§ **TRY IT**
Could you transcribe every record below exactly, leaving out the pictures?

§ **GIVEN INFORMATION**
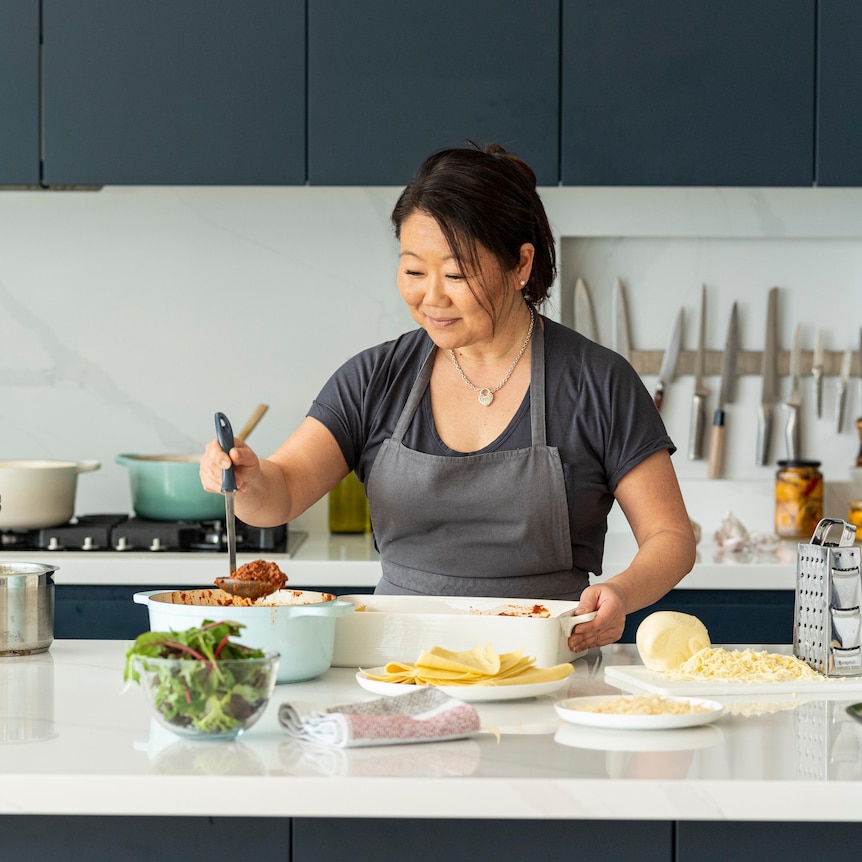 Nagi Maehashi wearing an apron preparing food in her kitchen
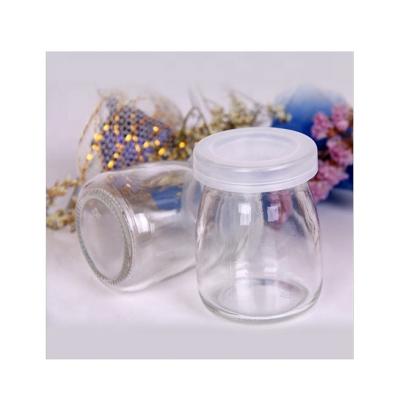 China Milk factory supply high quality round 100ml bottle glass with pe lid for sale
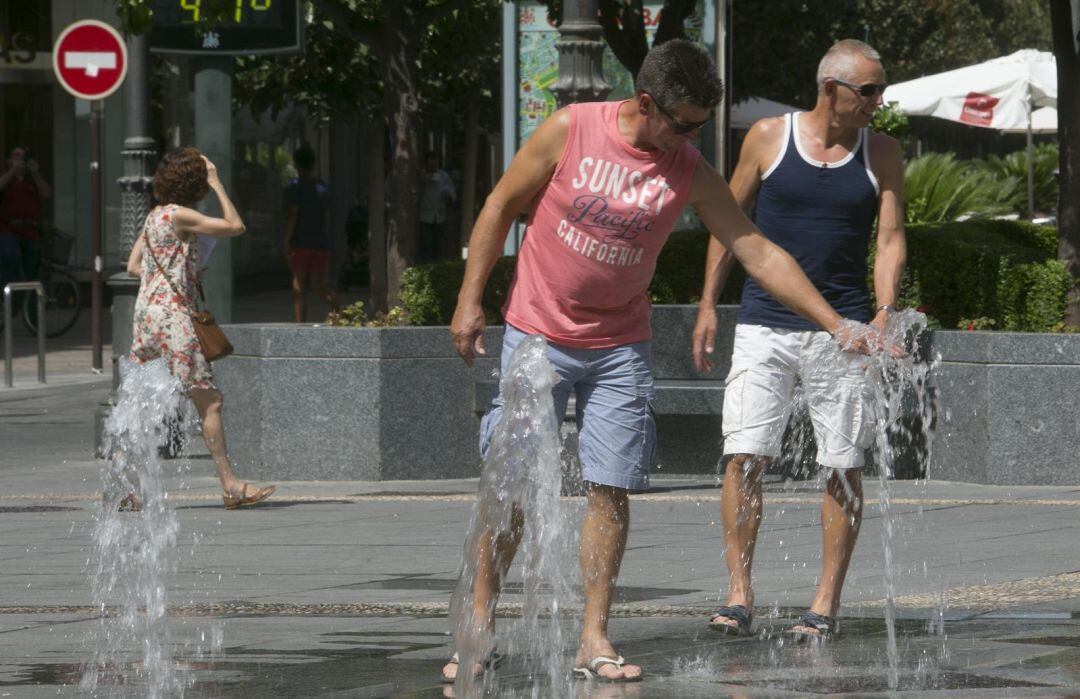 Dos hombres se mojan en una fuente para refrescarse ante las altas temperaturas.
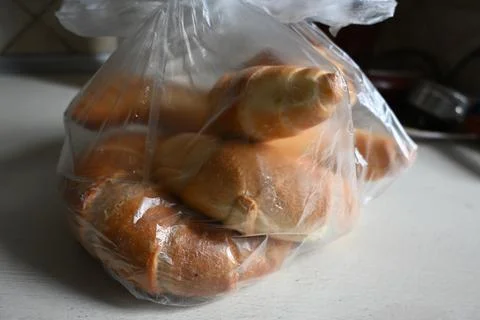 Bread rolls in a plastic bag Stock Photos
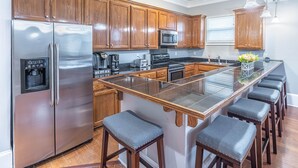 A modern kitchen with wooden cabinets, stainless steel appliances, a central island with bar stools, and pendant lighting. - Garden District Upscale Escape w/Gated Off-St Parking & Streetcar Access (New Orleans)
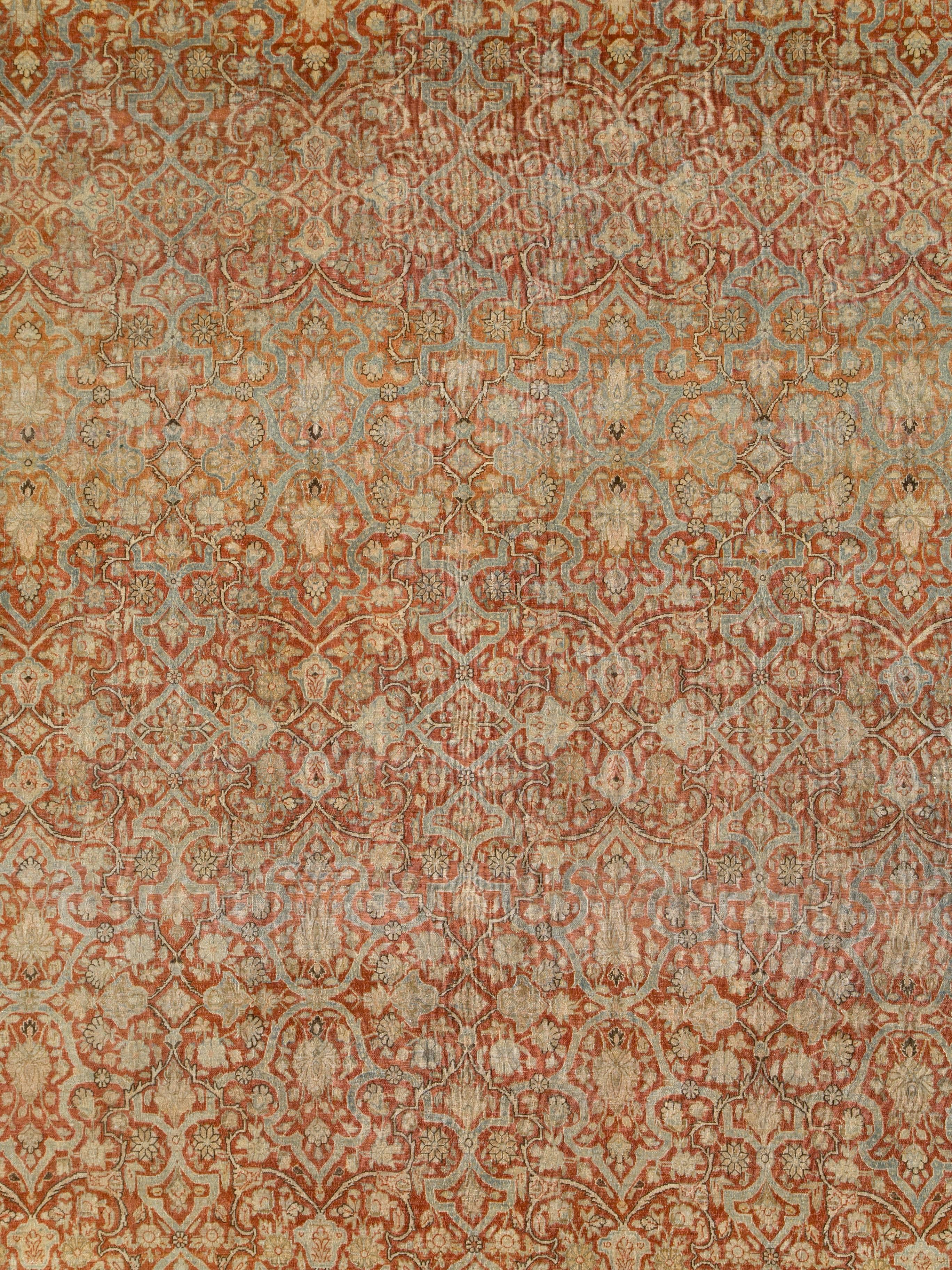 An antique washed Persian Kashan carpet from the first quarter of the 20th century.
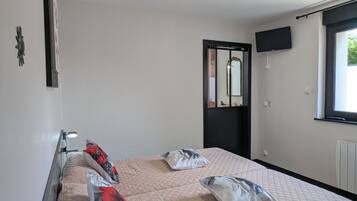 Ein Hotelzimmer mit Bett, einem an der Wand montierten Fernseher und einem Fenster mit Blick auf Grünflächen.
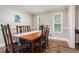 Traditional dining room featuring hardwood floors, and natural light at 3262 Bluff Rd, Marietta, GA 30062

§ **OUTPUT FOR THIS TASK**
 Nagi Maehashi wearing an apron preparing food in her kitchen
 China Milk factory supply high quality round 100ml bottle glass with pe lid for sale
 Dos hombres se mojan en una fuente para refrescarse ante las altas temperaturas.
 Bread rolls in a plastic bag Stock Photos
 A modern kitchen with wooden cabinets, stainless steel appliances, a central island with bar stools, and pendant lighting. - Garden District Upscale Escape w/Gated Off-St Parking & Streetcar Access (New Orleans)
 An antique washed Persian Kashan carpet from the first quarter of the 20th century.
 Ein Hotelzimmer mit Bett, einem an der Wand montierten Fernseher und einem Fenster mit Blick auf Grünflächen.
 Traditional dining room featuring hardwood floors, and natural light at 3262 Bluff Rd, Marietta, GA 30062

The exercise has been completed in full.